:: Information given

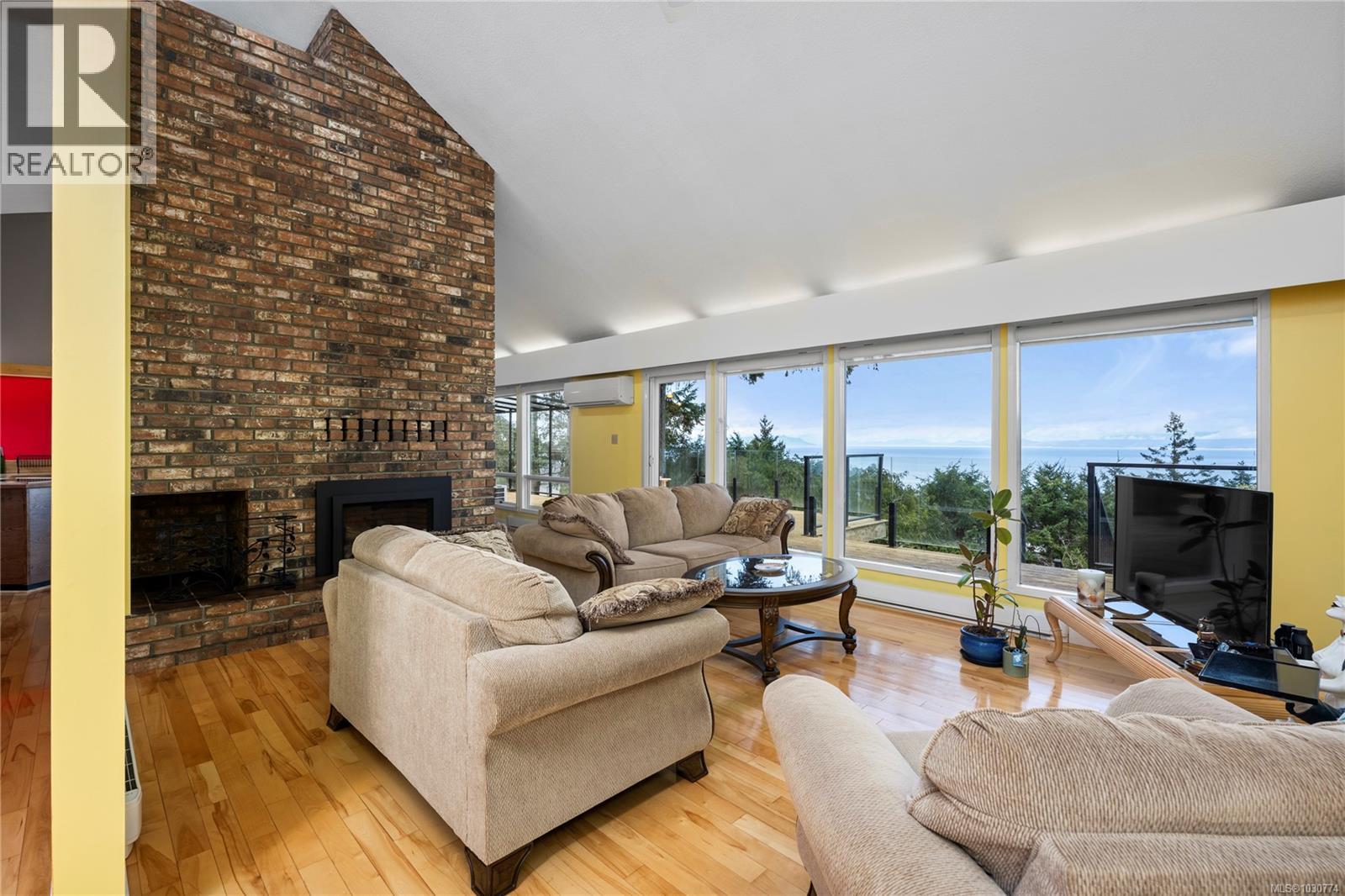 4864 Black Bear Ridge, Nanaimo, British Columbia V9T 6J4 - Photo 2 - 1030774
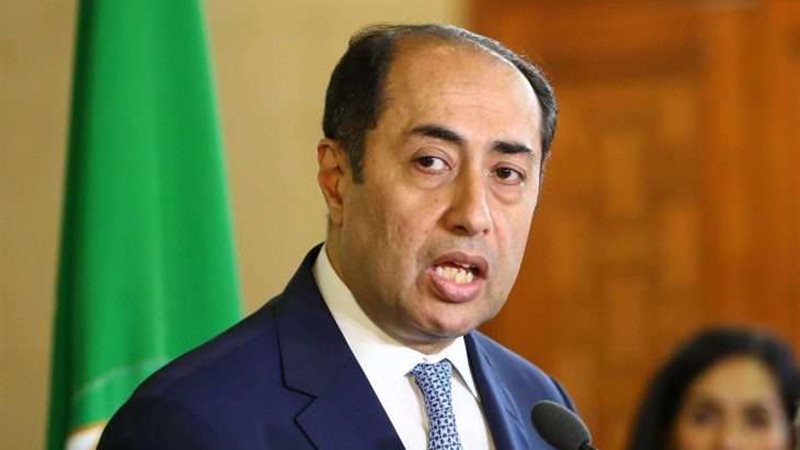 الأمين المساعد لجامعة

::::
:: Information given

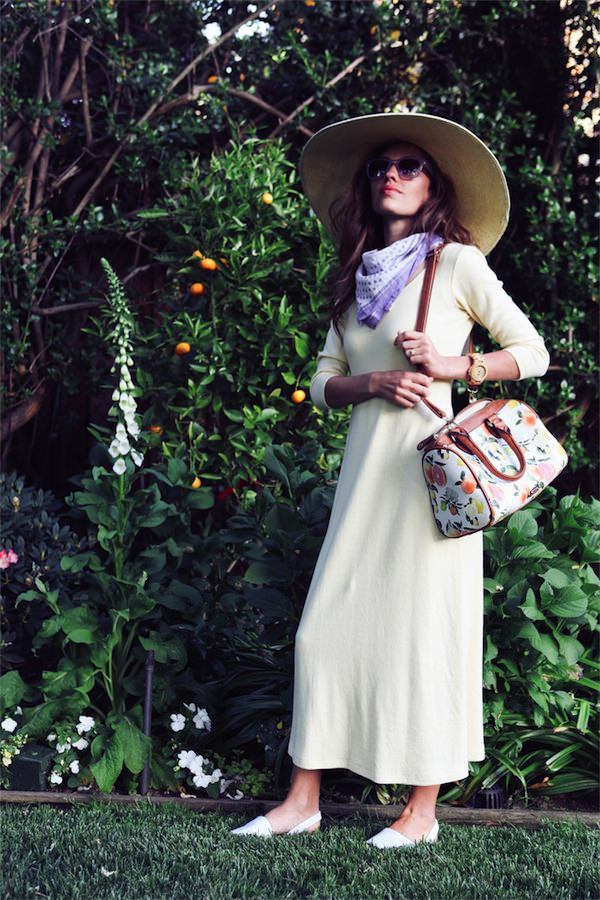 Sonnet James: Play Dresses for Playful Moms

::::

### Task directions
Would you transcribe the lines above exactly, going from the line bearing "4864 Black Bear" through the line bearing "الأمين المساعد لجامعة", and drop the pictures from the copy?

### Result below
 4864 Black Bear Ridge, Nanaimo, British Columbia V9T 6J4 - Photo 2 - 1030774
 الأمين المساعد لجامعة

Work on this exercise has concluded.